1. Workforce Development Council and Industry Partnerships – Increase the role and responsibilities of an industry-driven Workforce Development Council to champion the development and implementation of a statewide, strategic workforce development plan that meets industries' needs today and tomorrow.

2. Workforce Development Training Fund – Establish a sustainable funding mechanism for the Workforce Development Training Fund.

3. Public Engagement – Develop and implement a comprehensive statewide public engagement initiative utilizing technology and other engagement strategies to increase awareness of career opportunities for all Idahoans.

4. Connecting Education to Careers – Idaho's K-through-Career education system should value and support all pathways for students to achieve education, training and workforce skills that align to their career aspirations.

5. Workforce Training Centers and Adult Training Support – Enhance support for Idaho's six Workforce Training Centers and the individuals they serve with short-term, industry-focused training.

6. Strengthen Career Advising – Ensure that there is equity and access for all Idaho students to occupational pathways by establishing stronger requirements for the secondary education system in deploying college and career advising.

7. Workforce Readiness – Incentivize Idaho school districts to incorporate workforce readiness skills throughout secondary curricula.

8. Apprenticeships – Continue the development of apprenticeship programs throughout the state.

9. Expand Career and Technical Education Programs – Strengthen Idaho's talent pipeline by expanding CTE (career and technical education) programs at the secondary and postsecondary levels.

As a next step, the Governor will soon be appointing a transition team to develop a model for reorganizing the Workforce Development Council (WDC). The goal is to enable the WDC, by centralizing and increasing its authority, to “effectively coordinate industry-driven workforce development efforts among state agencies and educational institutions.”

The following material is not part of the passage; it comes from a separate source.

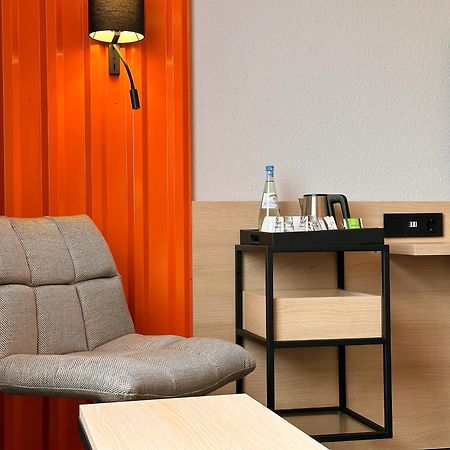 Hotel Ibis Styles Berlin Treptow Habitación foto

Additional steps will include drafting a new executive order reflecting the organizational changes developed by the transition team and reviewing agency budget requests for the next fiscal year related to workforce development and career and technical education. Legislation also will be drafted for consideration by the 2018 session of the Idaho Legislature to make the WDC and Workforce Development Training Fund more flexible and aligned with needs identified by the Task Force.